The capillitium is very delicate, and when cleared of spores the knot-like thickenings are seen to be very small and of a dark red color, to which is probably due the pinkish tinge which marks the whole. A part only of the thickenings are filled with lime granules. The dark red granules of the sporangium walls are abundant and appear to form a continuous crust.

This is P. atrorubrum Peck, and his description, l. c., has been closely followed. The very brief description in Grevillea, however, antedates the New York publication and, all inadequate as it is, no doubt applies to the same thing.

Not rare. New York, Pennsylvania, Ohio, Missouri, Iowa.

25. Physarum pulcherripes Peck.

Sporangia gregarious, dark-colored, sprinkled with orange flakes of lime, globose, the wall thin, deciduous, stipitate; stipe slender, erect, deep red, sometimes black below, pale or orange above, and supported on a well-developed hypothallus; columella scant or none; capillitium dense, the meshes and nodes unusually small and delicate, the latter reddish or yellow; spore-mass black; spores by transmitted light, violet-tinted, 8–10 µ., almost smooth.

The striking contrast of color between sporangia and stipes renders this species at sight, quite distinct from any related form.
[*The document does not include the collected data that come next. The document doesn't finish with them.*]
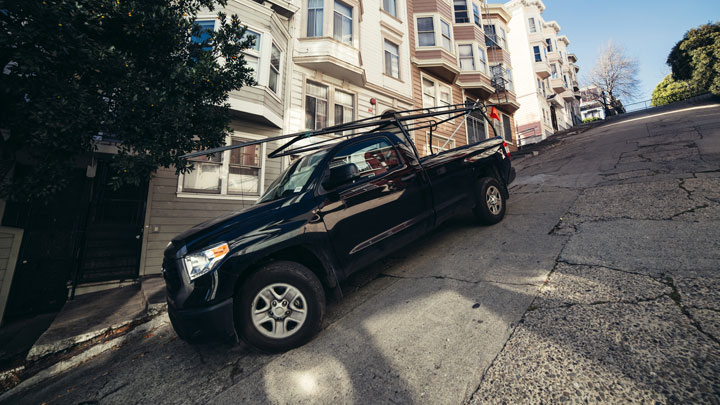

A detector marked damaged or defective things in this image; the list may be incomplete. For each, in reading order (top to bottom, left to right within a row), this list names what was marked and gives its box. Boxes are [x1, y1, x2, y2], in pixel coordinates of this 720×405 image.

cracked pavement [5, 102, 720, 404] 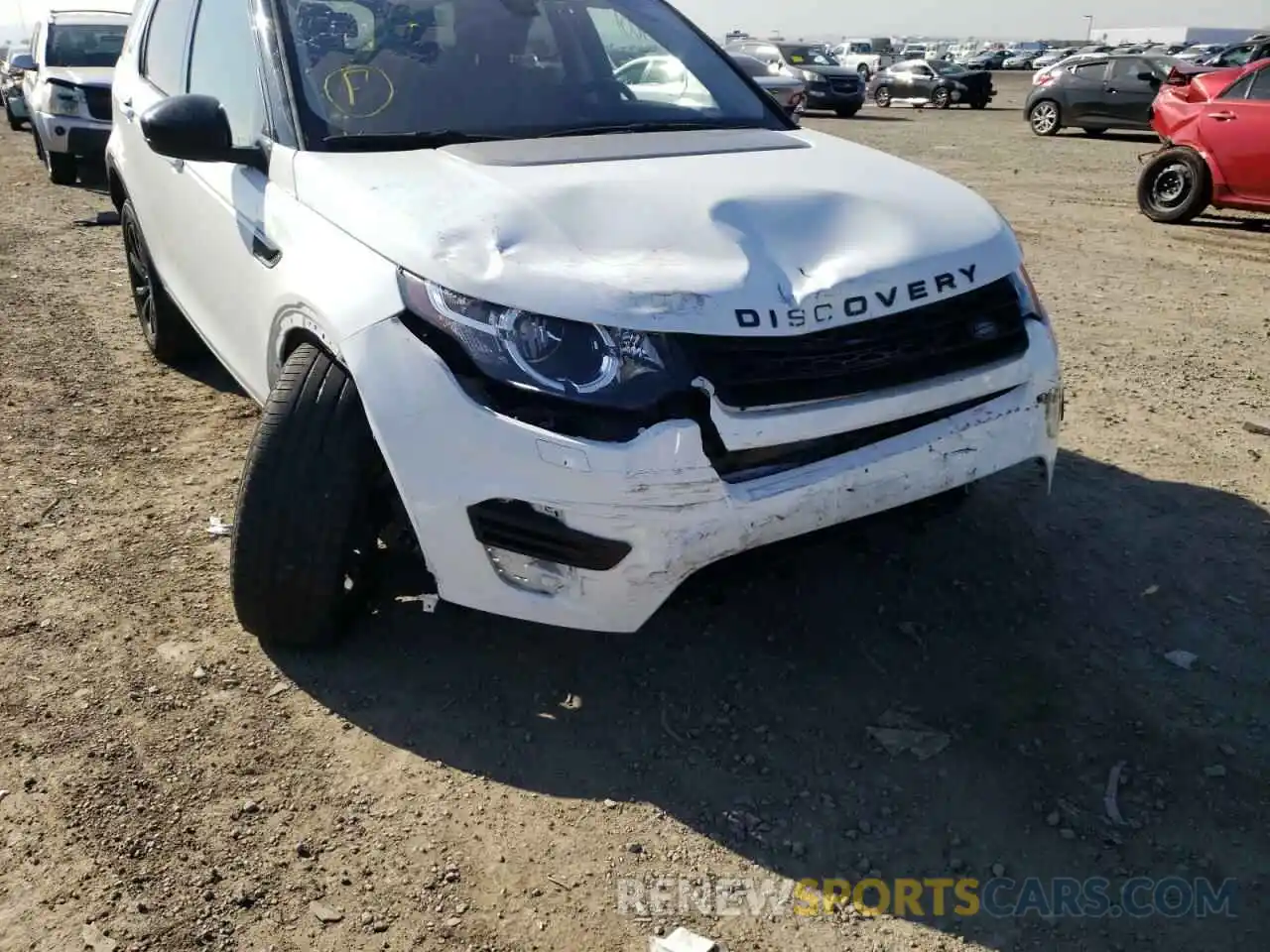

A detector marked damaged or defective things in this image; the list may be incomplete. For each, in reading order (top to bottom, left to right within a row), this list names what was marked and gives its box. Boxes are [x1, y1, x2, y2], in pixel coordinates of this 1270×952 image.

crumpled hood [40, 64, 112, 88]
broken headlight housing [401, 271, 691, 414]
damaged white suv [106, 0, 1062, 654]
dented hood [291, 127, 1021, 334]
crumpled hood [291, 127, 1021, 334]
damaged front bumper [340, 318, 1062, 635] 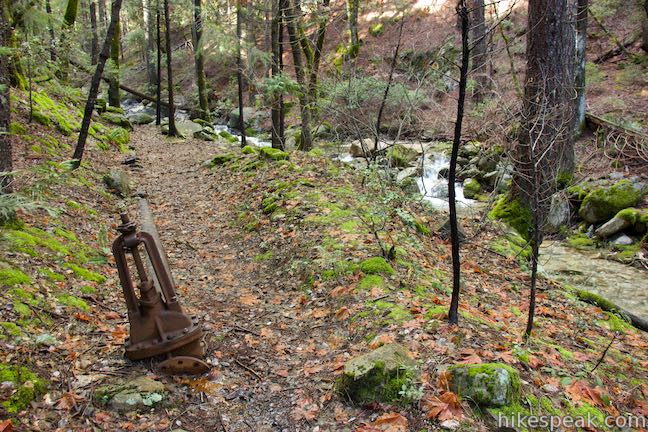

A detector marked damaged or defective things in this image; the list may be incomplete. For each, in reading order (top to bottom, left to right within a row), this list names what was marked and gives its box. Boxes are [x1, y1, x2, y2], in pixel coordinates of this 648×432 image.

rusty mining equipment [112, 213, 209, 374] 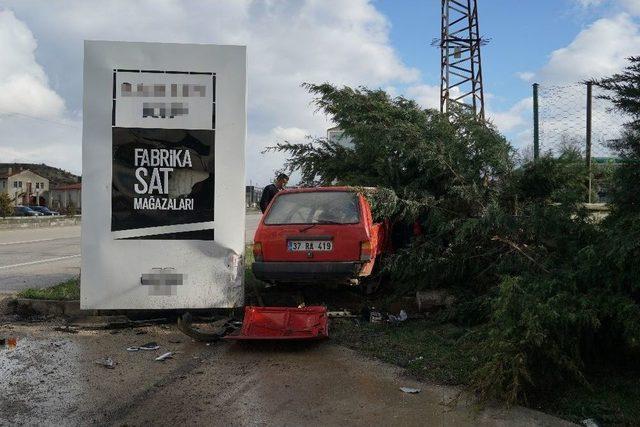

The peridia in the specimens before us are black or iridescent-black sprinkled more or less profusely with orange lime granules which sometimes cover all but the base. The stipe, springing from a small hypothallus, is dark red below for about one-fourth its height, then vermillion, above expanding slightly beneath the peridium; the columella scant or none. The capillitium is an elegant delicate net, with numerous small, uniformly regular, calcareous nodes, orange; by transmitted light, yellow. The spores, brown in mass, are, by transmitted light, pale violet, slightly papillose, 8–10, mostly about 8 µ. The plasmodium is probably yellow.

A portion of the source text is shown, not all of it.